[EXCERPTED RECORDS]

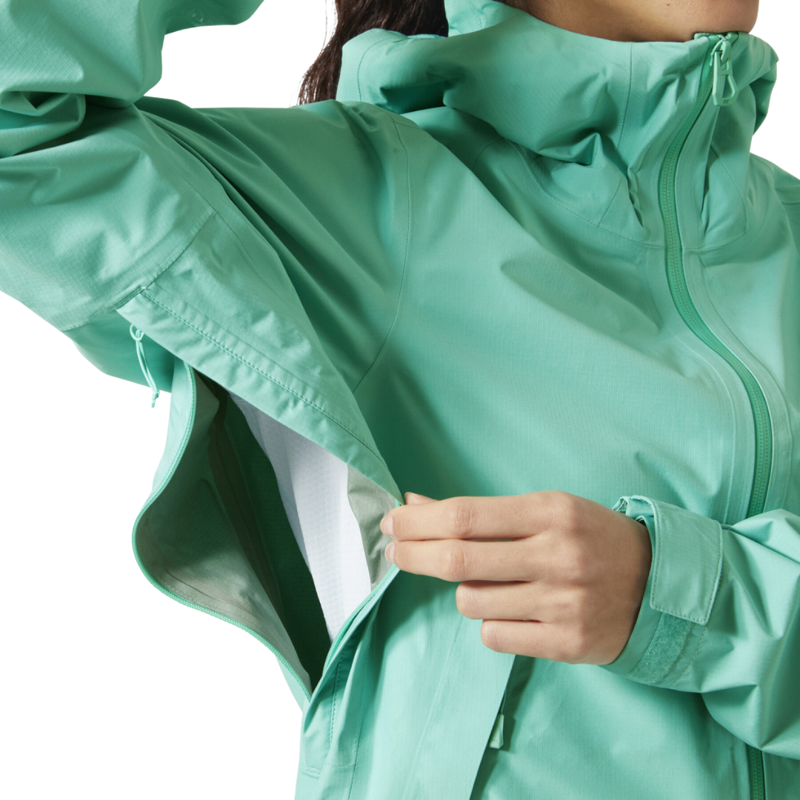 Helly Hansen Womens Verglas Infinity Jacket 2.0 in Lagoon-2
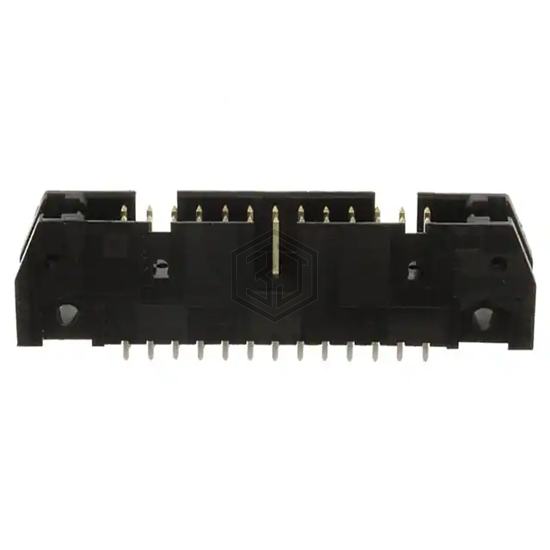 102153-6 - TE Connectivity AMP Connectors - Rectangular Connectors - Headers, Male Pins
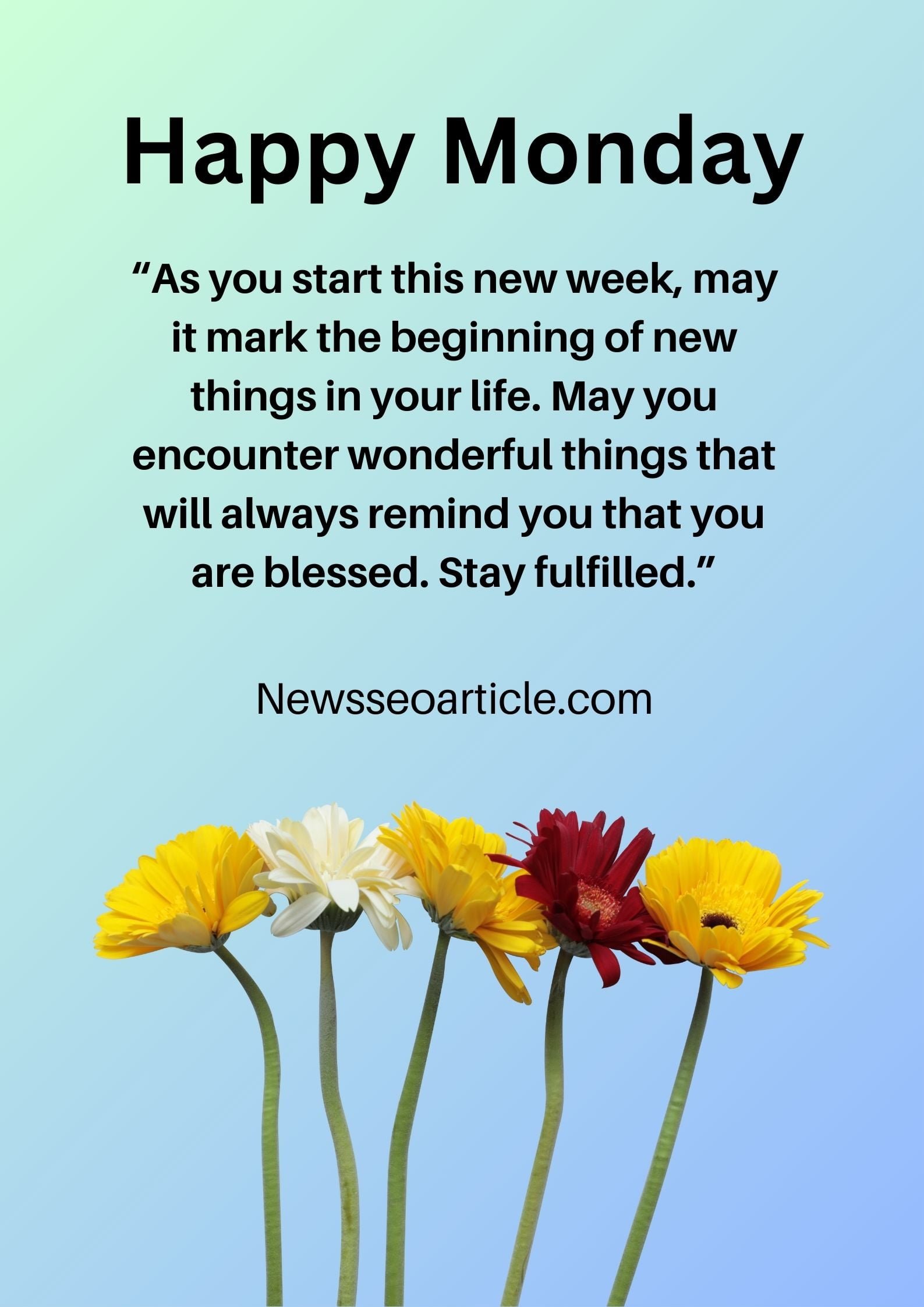 104 Best Monday Morning Blessings Images And Quotes | News Seo Article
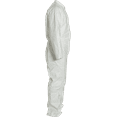 thumbnail image 6 of Suntech Microporous Protective Coveralls, Open Wrists and Ankles, Disposable Hazmat PPE, White, 6 Pack (2X), 6 of 8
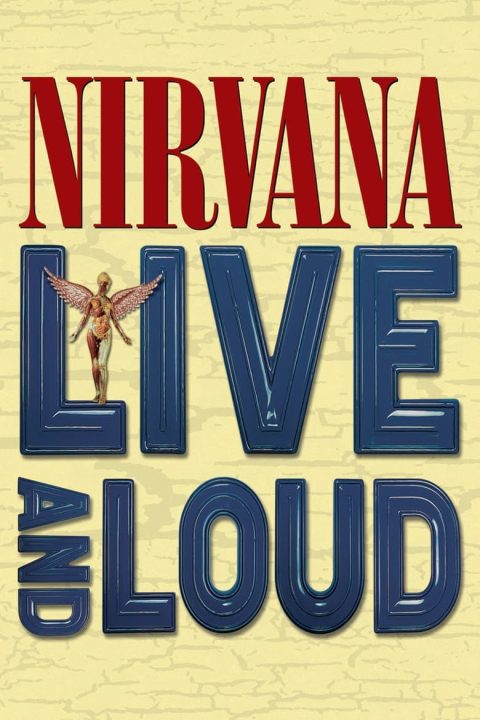 Plagát Nirvana: Live And Loud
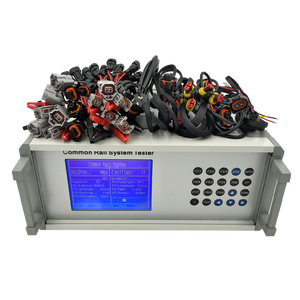 Hwaut CRS300 alta presión Diesel Common Rail inyector bomba probador simulador sistema controlador equipo de prueba - Product Image 2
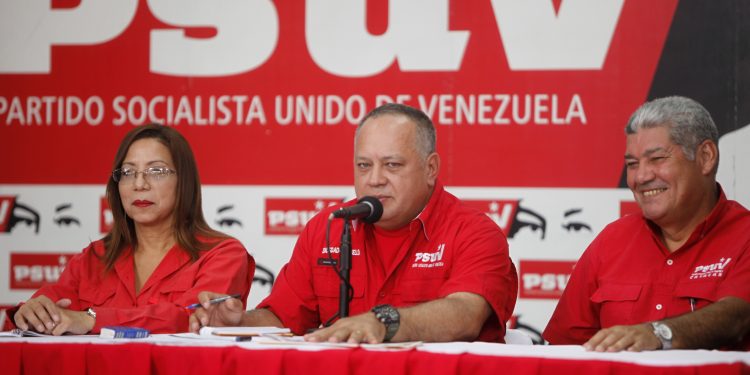 Diosdado Cabello: A más sanciones, más revolución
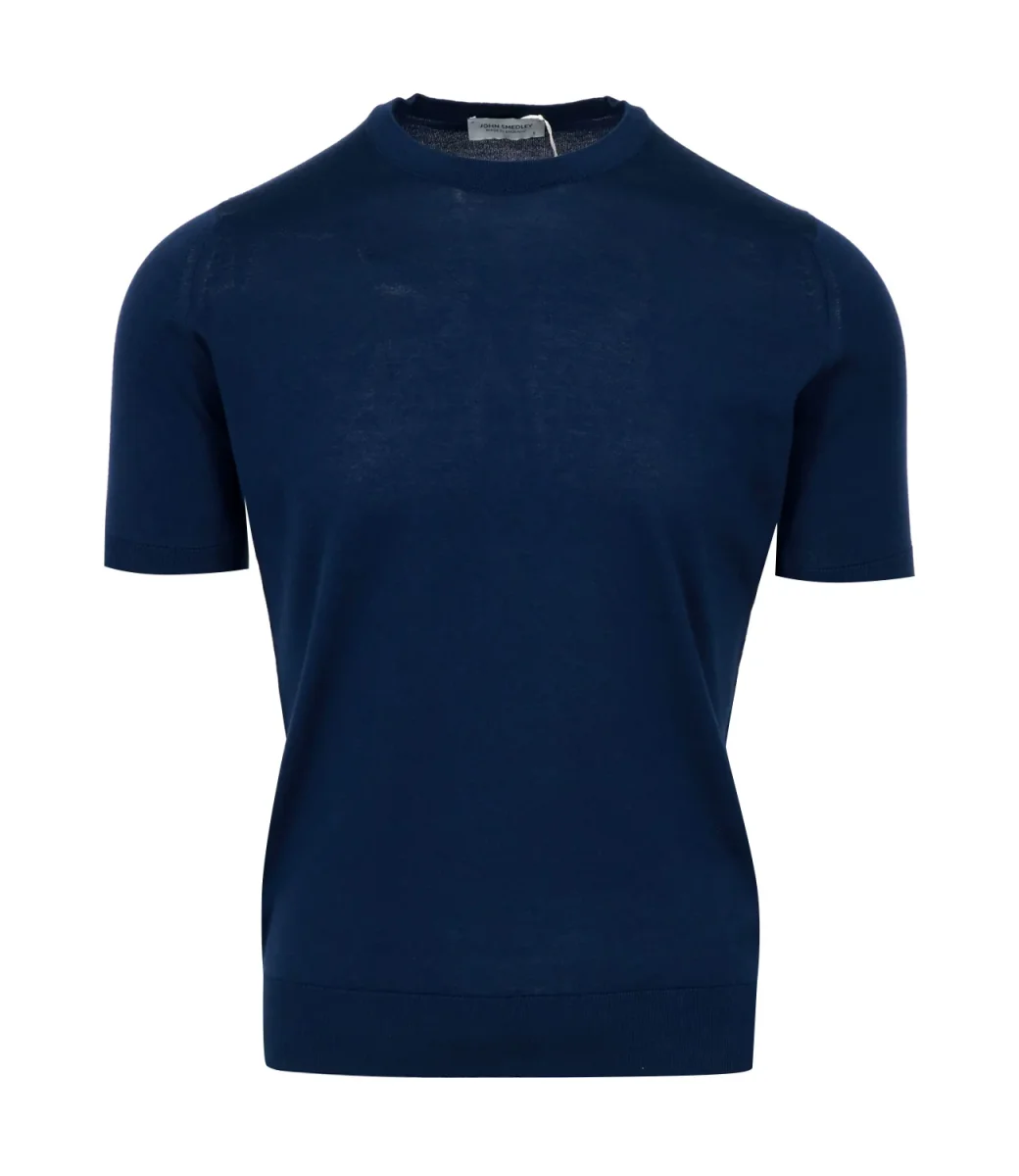 John Smedley | Maglia Blu navy - immagine 2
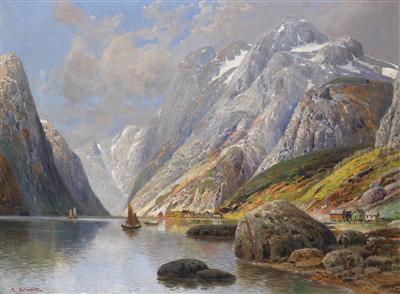 Karl Kaufmann - 19th Century Paintings and Watercolours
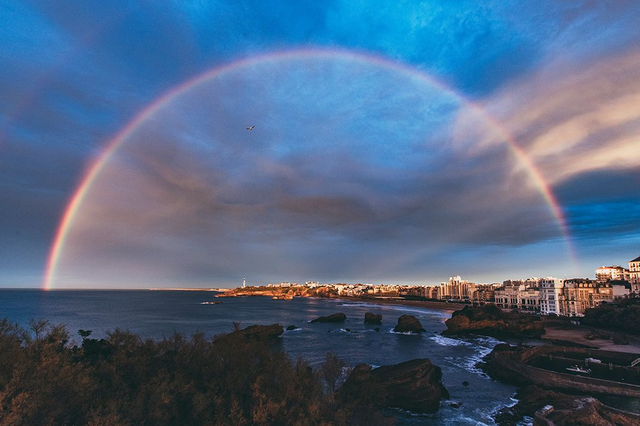 Biarritz - Arc en ciel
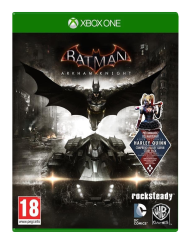 Batman Arkham Knight Harley Quinn DLC
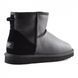 Чоловічі Уггі UGG Mini Classic Leather Metallic Black 1016222LM фото 10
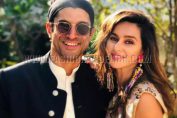 Farhan Akhtar and Shibani Dandekar Haldi ceramony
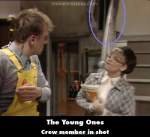 The Young Ones mistake picture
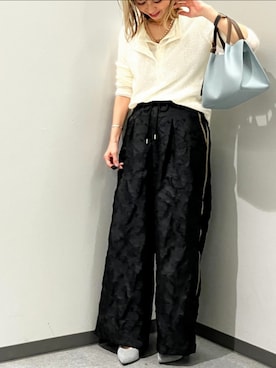 「Q（キュー）のアイテム」を使った、Q♥Officialさん（レディース・154cm）の春コーディネート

[/EXCERPTED RECORDS]

** YOUR TASK **
Lines from the one containing "Biarritz - Arc en ciel" through the final line of the entries above are to be retyped exactly, with every picture left out.

** COMPLETED TASK **
 Biarritz - Arc en ciel
 Batman Arkham Knight Harley Quinn DLC
 Чоловічі Уггі UGG Mini Classic Leather Metallic Black 1016222LM фото 10
 Farhan Akhtar and Shibani Dandekar Haldi ceramony
 The Young Ones mistake picture
 「Q（キュー）のアイテム」を使った、Q♥Officialさん（レディース・154cm）の春コーディネート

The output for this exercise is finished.